Consider the ongoing genocide of Christians in Nigeria, for example. In that west African nation, 248 is about the amount of Christians killed by Muslims every few weeks, going back for some two decades now. According to the most recent report, between January and April of this year alone, 1,470 Christians were hacked to death. On average this comes out to about 368 Christians killed every month for four months straight.
According to a more general report, “Not less than 32,000 Christians have been butchered to death by the country’s main Jihadists” between just 2009 and the first quarter of 2020; 13,000 churches were additionally destroyed by “Allahu Akbar” screaming Muslims since just 2016.
It is only slightly better for Christians in other sub-Saharan nations: in Mozambique, the Central African Republic, Mali, the Democratic Republic of Congo, and Burkina Faso, Muslims are terrorizing and slaughtering Christians, and have been for many years now.

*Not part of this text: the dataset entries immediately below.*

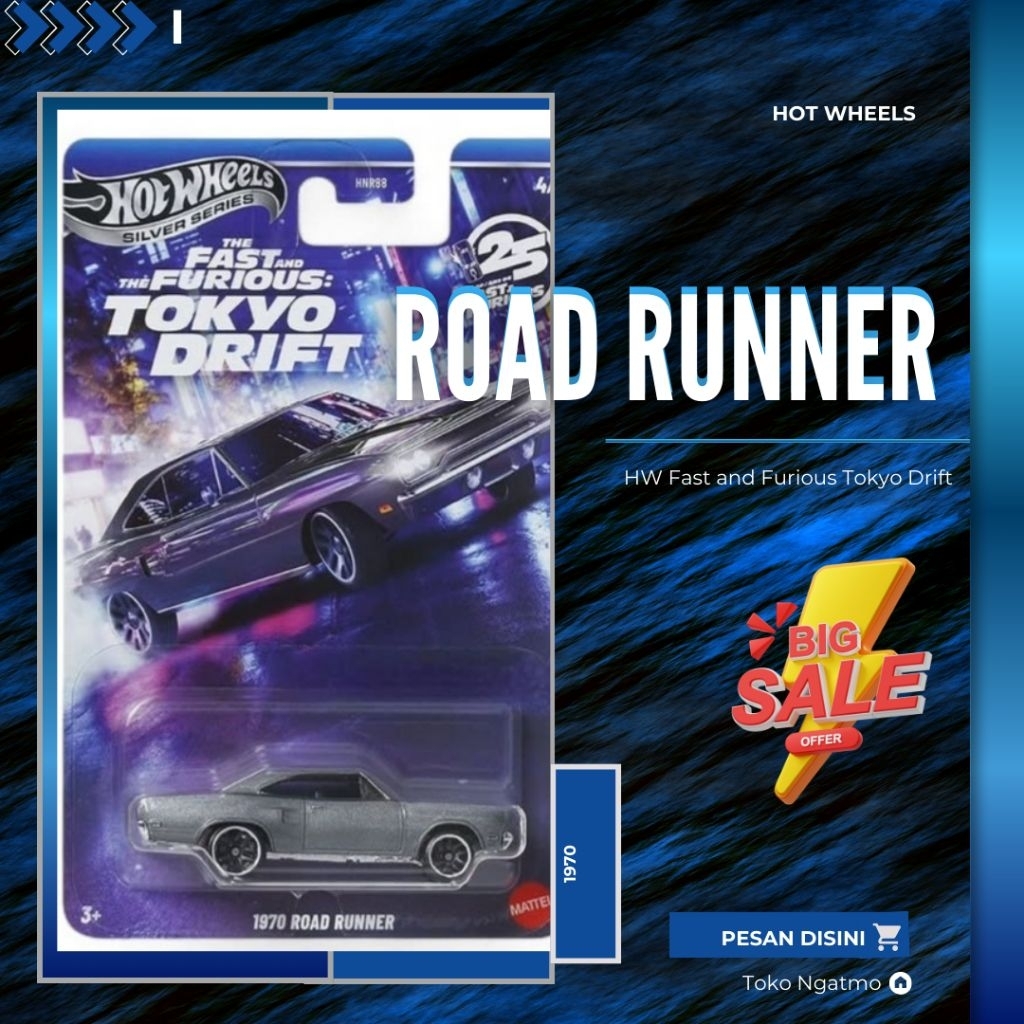 Hot Wheels Fast and Furious Tokyo Drift " Road Runner 1970 "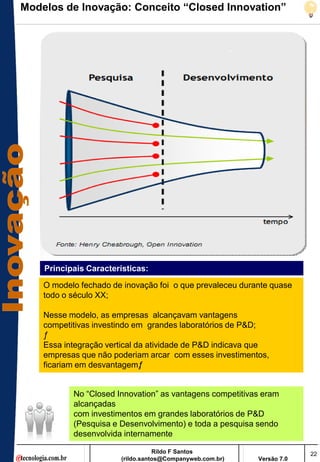 Modelos de Inovação: Conceito “Closed Innovation”




    Principais Características:

    O modelo fechado de inovação foi o que prevaleceu durante quase
    todo o século XX;

    Nesse modelo, as empresas alcançavam vantagens
    competitivas investindo em grandes laboratórios de P&D;
    ƒ
    Essa integração vertical da atividade de P&D indicava que
    empresas que não poderiam arcar com esses investimentos,
    ficariam em desvantagemƒ  .


           No ―Closed Innovation‖ as vantagens competitivas eram
           alcançadas
           com investimentos em grandes laboratórios de P&D
           (Pesquisa e Desenvolvimento) e toda a pesquisa sendo
           desenvolvida internamente

                                  Rildo F Santos                       22
                       (rildo.santos@Companyweb.com.br)   Versão 7.0
 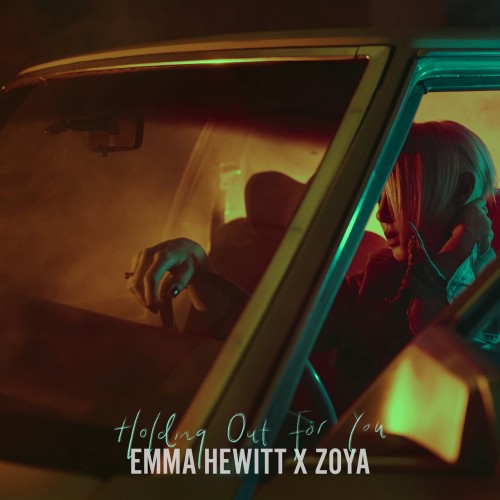Emma Hewitt x ZOYA - HOLDING OUT FOR YOU (2023) Download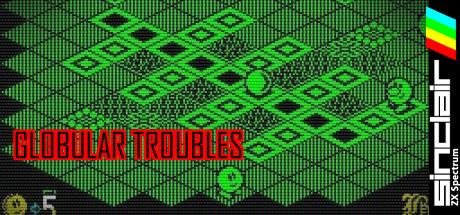 Globular Troubles — steamgrid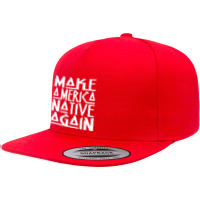 Make America Native Again Political 5 Panel Snapback Cap | Artistshot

Yet one expects that only a tiny, miniscule percentage of those Americans who heard about killed Palestinians ever heard about the slaughter of tens of thousands of Christians all throughout Africa, since the media seldom report on and certainly never dwell on the latter.
This is all the more irresponsible considering that the reason Christians are being brutally slaughtered—because they are Christians, because Muslims are taught to hate and subjugate the “other”—is certainly more newsworthy, than, say, why Palestinians get killed (terrorism crackdowns and other mundane factors).
Is the media racist, then? Do black lives not matter?
In fact, no lives intrinsically matter for the media; only those that can help push a certain narrative have any value for and are therefore worth reporting by the media. And, increasingly, wherever one looks, that narrative is about demonizing the innocent and/or law-abiding and exonerating the guilty and/or law-breaking.
Thus, every year in America, several thousand blacks, including children, are tragically killed by other blacks (324,000 between just 1979 and 2014). The media could care less. Yet, when one black man, George Floyd, was inadvertently killed during an arrest, the media went ballistic in an effort to further the narrative that all police are “racist.”
Of course, the media never cared about George Floyd; they only cared about using him to demonize the police, whose job it is to maintain law and order.
Similarly, the media does not care about the Palestinians; they only care about using them to demonize Israel, which is also trying to maintain law and order, including by defending itself against nonstop terrorist attacks from its Muslim neighbors.
From here, one also understands why it is that when the shoe is on the other foot—when the guilty butcher the innocent, as Muslims are doing to Christians, not because they are trying to maintain law and order, but because they hate “infidels”—the media is silent: that status quo is fine as is and requires no attention, certainly no amelioration.